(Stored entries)
--- START ---

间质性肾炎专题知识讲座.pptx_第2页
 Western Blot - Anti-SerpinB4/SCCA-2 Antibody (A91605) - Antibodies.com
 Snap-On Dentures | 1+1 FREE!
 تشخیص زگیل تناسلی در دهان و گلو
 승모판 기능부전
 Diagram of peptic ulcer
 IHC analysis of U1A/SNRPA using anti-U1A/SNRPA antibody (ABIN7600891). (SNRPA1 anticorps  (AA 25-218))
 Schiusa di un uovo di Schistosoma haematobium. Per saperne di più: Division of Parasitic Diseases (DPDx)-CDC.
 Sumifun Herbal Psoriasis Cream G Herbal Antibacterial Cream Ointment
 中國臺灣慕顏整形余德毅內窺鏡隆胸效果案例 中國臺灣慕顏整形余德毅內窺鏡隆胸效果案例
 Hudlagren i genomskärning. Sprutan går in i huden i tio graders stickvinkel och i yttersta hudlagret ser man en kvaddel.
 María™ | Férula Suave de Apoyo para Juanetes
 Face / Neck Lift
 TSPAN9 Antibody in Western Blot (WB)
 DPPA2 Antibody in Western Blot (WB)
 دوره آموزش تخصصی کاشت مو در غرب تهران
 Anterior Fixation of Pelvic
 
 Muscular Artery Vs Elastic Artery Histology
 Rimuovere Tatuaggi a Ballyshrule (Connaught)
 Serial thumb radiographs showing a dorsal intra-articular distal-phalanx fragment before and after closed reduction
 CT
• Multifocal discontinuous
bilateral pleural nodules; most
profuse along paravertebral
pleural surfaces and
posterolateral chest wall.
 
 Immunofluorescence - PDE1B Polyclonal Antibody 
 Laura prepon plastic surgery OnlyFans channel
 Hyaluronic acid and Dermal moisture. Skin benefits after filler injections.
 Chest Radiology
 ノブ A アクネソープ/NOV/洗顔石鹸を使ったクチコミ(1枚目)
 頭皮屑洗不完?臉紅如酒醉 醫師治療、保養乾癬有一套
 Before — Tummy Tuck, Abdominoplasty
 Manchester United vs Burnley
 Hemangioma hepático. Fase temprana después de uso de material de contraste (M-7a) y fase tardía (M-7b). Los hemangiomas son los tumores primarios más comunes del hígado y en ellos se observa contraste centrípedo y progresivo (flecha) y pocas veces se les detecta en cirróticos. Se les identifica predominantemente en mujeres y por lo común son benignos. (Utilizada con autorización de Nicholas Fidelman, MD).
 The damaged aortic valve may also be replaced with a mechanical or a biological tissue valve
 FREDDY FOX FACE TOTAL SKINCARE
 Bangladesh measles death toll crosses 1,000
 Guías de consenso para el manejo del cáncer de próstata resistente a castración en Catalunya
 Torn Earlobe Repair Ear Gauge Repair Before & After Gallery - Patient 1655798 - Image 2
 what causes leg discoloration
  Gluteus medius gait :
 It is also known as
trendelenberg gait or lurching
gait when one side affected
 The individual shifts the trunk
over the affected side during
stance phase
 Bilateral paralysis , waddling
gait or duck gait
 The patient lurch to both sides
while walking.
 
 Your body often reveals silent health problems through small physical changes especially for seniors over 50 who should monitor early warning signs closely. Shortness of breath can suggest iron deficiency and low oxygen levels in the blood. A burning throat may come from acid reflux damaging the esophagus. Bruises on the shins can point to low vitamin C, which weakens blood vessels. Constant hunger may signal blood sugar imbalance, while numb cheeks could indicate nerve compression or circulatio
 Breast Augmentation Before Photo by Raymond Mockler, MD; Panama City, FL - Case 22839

--- END ---

--- Task requirements ---
Retype the first line of the entries and every line after it, please, through the line that contains "Manchester United vs Burnley". Add nothing.

--- Result ---
间质性肾炎专题知识讲座.pptx_第2页
 Western Blot - Anti-SerpinB4/SCCA-2 Antibody (A91605) - Antibodies.com
 Snap-On Dentures | 1+1 FREE!
 تشخیص زگیل تناسلی در دهان و گلو
 승모판 기능부전
 Diagram of peptic ulcer
 IHC analysis of U1A/SNRPA using anti-U1A/SNRPA antibody (ABIN7600891). (SNRPA1 anticorps  (AA 25-218))
 Schiusa di un uovo di Schistosoma haematobium. Per saperne di più: Division of Parasitic Diseases (DPDx)-CDC.
 Sumifun Herbal Psoriasis Cream G Herbal Antibacterial Cream Ointment
 中國臺灣慕顏整形余德毅內窺鏡隆胸效果案例 中國臺灣慕顏整形余德毅內窺鏡隆胸效果案例
 Hudlagren i genomskärning. Sprutan går in i huden i tio graders stickvinkel och i yttersta hudlagret ser man en kvaddel.
 María™ | Férula Suave de Apoyo para Juanetes
 Face / Neck Lift
 TSPAN9 Antibody in Western Blot (WB)
 DPPA2 Antibody in Western Blot (WB)
 دوره آموزش تخصصی کاشت مو در غرب تهران
 Anterior Fixation of Pelvic
 
 Muscular Artery Vs Elastic Artery Histology
 Rimuovere Tatuaggi a Ballyshrule (Connaught)
 Serial thumb radiographs showing a dorsal intra-articular distal-phalanx fragment before and after closed reduction
 CT
• Multifocal discontinuous
bilateral pleural nodules; most
profuse along paravertebral
pleural surfaces and
posterolateral chest wall.
 
 Immunofluorescence - PDE1B Polyclonal Antibody 
 Laura prepon plastic surgery OnlyFans channel
 Hyaluronic acid and Dermal moisture. Skin benefits after filler injections.
 Chest Radiology
 ノブ A アクネソープ/NOV/洗顔石鹸を使ったクチコミ(1枚目)
 頭皮屑洗不完?臉紅如酒醉 醫師治療、保養乾癬有一套
 Before — Tummy Tuck, Abdominoplasty
 Manchester United vs Burnley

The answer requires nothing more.